An important feature of the above MPVC algorithm, compared with conventional methods of analysis, is that it does not make any a priori assumptions with regards to the signal shape, for example, whether a plateau feature is present or not. Rather, it looks for similarities between the measured data sets, relative to R and based on the classifiers used. A large number of similar traces will thus produce regions of high point density in the (ΔX, θ, hr) representation, which can then be clustered and processed for further analysis.

Notably, MPVC does not provide the physical interpretation. It is partly for this reason that we chose both complex simulated data and well-characterized experimental system, where the interpretation is (largely) known, as a benchmark for MPVC here. The former allows for detailed characterization of the classification results (misclassification, especially where there are multiple groups), while the latter facilitates the physical interpretation of the clusters.

Finally, we note that by using a common reference vector we avoid having to compute the pairwise distance matrix for all I(s) traces to determine similarity between traces.

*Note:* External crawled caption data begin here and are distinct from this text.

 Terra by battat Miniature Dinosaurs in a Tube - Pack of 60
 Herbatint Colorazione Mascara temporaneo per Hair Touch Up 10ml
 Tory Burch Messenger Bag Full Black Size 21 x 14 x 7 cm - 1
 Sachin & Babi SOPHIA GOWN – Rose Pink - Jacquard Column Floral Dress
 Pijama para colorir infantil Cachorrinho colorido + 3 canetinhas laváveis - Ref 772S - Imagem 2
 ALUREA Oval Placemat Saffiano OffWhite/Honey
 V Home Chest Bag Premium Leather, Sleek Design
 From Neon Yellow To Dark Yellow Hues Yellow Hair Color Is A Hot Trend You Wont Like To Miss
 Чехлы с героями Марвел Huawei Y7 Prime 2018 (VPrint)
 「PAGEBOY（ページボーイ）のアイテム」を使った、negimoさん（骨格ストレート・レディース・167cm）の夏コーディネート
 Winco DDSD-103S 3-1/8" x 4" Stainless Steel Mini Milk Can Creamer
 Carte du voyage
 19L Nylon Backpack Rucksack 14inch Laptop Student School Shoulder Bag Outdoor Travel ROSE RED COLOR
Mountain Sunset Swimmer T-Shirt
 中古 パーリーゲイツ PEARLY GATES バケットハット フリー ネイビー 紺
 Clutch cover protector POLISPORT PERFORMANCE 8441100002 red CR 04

This effectively reduces the dimensionality of the data and is a significant advantage for large data sets (as for the ODT data with 70,000 traces, see below).

In the three-dimensional (ΔX, θm, hr,m) representation, a range of different clustering algorithms can be applied to group the data, including k-means and k-medoids clustering, distribution- or density-based algorithms35, Gaussian mixture models or neural networks36,37. A flow chart of the MPVC is provided in Fig. 1d. In the present work, we first use a distribution-based approach to illustrate the contribution of each parameter, and then employ three-dimensional Gustafson–Kessel fuzzy clustering in the second part of the paper38.

Since both modulus ΔX and angle θ emerge from the classification process, we found representation in polar (or rather cylindrical) coordinates most convenient, Fig. 1f. The resulting event clusters can possess different and characteristic shapes, depending on the underlying nature of the variation in the data (say, a normally distributed plateau height or telegraphic noise features during bridge formation) and the reference vector. This in turn affects the way the individual clusters are identified and bound. For example, in cases where the cluster shape is symmetric, a Gaussian fit of the ΔX, θ or hr histograms is usually most straightforward and event clusters may be defined based on a probability criterion (for example, within±2 σ (95%) of the distribution mean). When the clusters are highly stretched or even semi-circular, which we found to be the case for the simulated data with normally distributed sb, density-based clustering methods may be preferable35.

To enhance the separation between event clusters, in particular at low (S/N) ratio, it can sometimes be advantageous to exclude segments of the I(s) curve and define a region-of-interest (RoI), for example, where through-space tunnelling is dominant (at small s) or where the current is unlikely to contain well-defined, molecule-related information (s>>molecular length). This also reduces the computational cost, as we show below for a data set containing 70,000 I(s) traces.

Results

Simulated data

We first apply the MPVC algorithm to simulated data that resemble measured experimental data closely, in terms of current magnitude, decay coefficient and noise, and investigate the effect of current noise and break-off distance (variation) on the classification performance. In this way, we can also easily determine the misclassification rate, depending on the event and noise characteristics. We compare the results with conventional methods of analysis, namely one-dimensional (1D) current and two-dimensional (2D) current–distance histograms, which turn out to fail, if multiple event classes are present (as expected).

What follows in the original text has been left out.